ProductBig(pid: integer, name: varchar(20), description: varchar(100), rating: integer, min_age: integer)

Consider the following query:

SELECT * FROM ProductBig WHERE pid=9876543;

7.1) Try to execute this query and see how long it takes. You can use the command \timing to have PostgreSQL time your queries. How long does the query take? How many tuples from relation ProductBig must be read from disk in order to answer this query? Write your answers in a file called problem7.txt.

7.2) Now modify the schema of ProductBig to indicate that pid is a primary key. Execute the above query again. How long does it take this time? Why is that? Add your answer to the file called problem7.txt.

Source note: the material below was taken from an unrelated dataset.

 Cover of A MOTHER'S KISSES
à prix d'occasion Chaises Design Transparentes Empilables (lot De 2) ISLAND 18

Note: you can examine the query execution plan that the DBMS uses to answer the query. To see the plan, use the EXPLAIN command. You can find more information about EXPLAIN in the PostgreSQL documentation about EXPLAIN. We will talk about query plans starting from lecture 7. In the meantime, you can at least see if the DBMS uses the index or not when answering your query. You do not have to use EXPLAIN. Use it only if it helps you understand what is going on.

7.3) An index on the primary key speeds-up only a specific type of queries, which may not necessarily correspond to the query workload of the system. Consider the following query:

SELECT count(*) FROM ProductBig WHERE rating > 98;

Try to execute this query. How long does it take? How many tuples from relation ProductBig must be read from disk in order to answer this query? Write your answer in a file called problem7.txt.

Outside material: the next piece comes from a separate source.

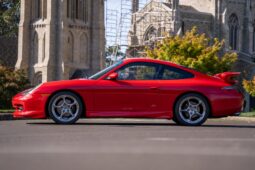 
										2000 Porsche 911 Carrera Coupe 6-Speed full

7.4) Create an index on ProductBig that will speed-up the query above. Add the SQL statement that you use to create the index and an explanation for your choice of index to the file problem7.txt. How long does the query take now?

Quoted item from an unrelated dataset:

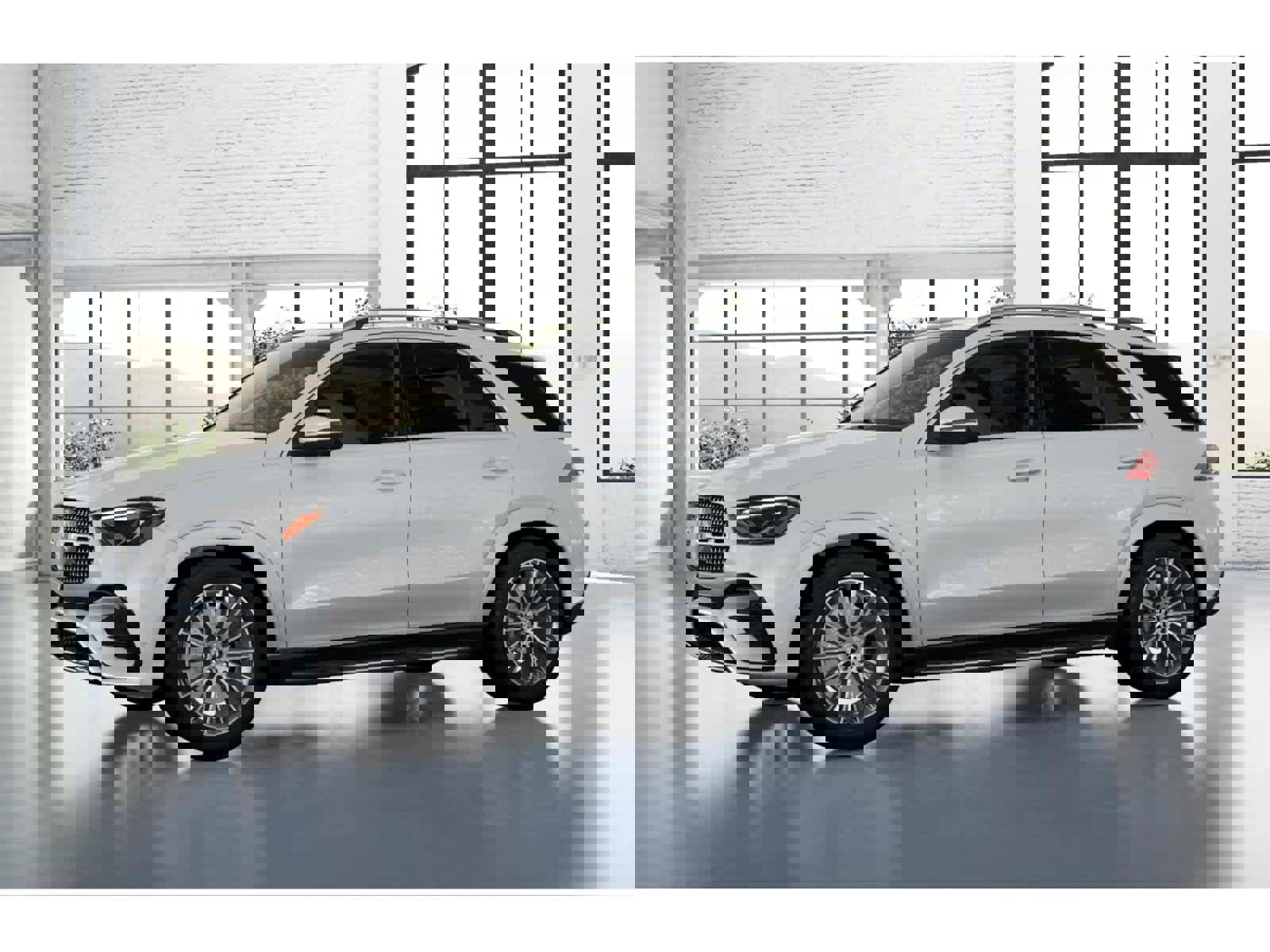 New 2026 Mercedes-Benz GLE 450 4MATIC image 36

7.5) Delete the index on rating and add the statement that you used to problem7.txt.

7.6) Since indexes are so great, why not create an index on every single attribute of ever single table? Add your explanation to the file problem7.txt.

When you are done working on this question, please drop the ProductBig table to avoid using all that disk space.

8. Views (8pts)

A view is a table whose content is not physically stored on disk. Instead, it is computed from a query that corresponds to the view definition.

8.1) Create a view that shows only toys in the Product table for children over age 6. Write the SQL statement that you use in a file called problem8.txt.

8.2) Write a query that uses the newly created view to find all toys for children over age 6 that contain the substring '666' in their name. Add the SQL statement that you used in a file called problem8.txt.

8.3) Create a view that shows the id and names of toys along with the ids and names of their manufacturers. Add the SQL statement that you used to the file called problem8.txt.

8.4) What do you think are some of the benefits of using views? Add your answer to problem8.txt.

8.5) What happens if you try to insert a tuple into one of those views? Should users be allowed to perform inserts or updates on views? Add your answer to problem8.txt.

Turn-in instructions

You should work on this assignment by yourself. Make sure to turn-in the following files:

problem1.txt
problem2.txt
problem3.txt
problem4.txt
nothing to turn-in for problem 5
problem6.txt
problem7.txt
problem8.txt

To hand-in your assignment, issue the following command under the directory where you saved the above files:

tar zcvf cse544-07au-youraccountname.tar.gz problem?.txt

After executing this command, you should see a file named cse544-07au-youraccountname.tar.gz. Please send this file as an email attachment to your TA.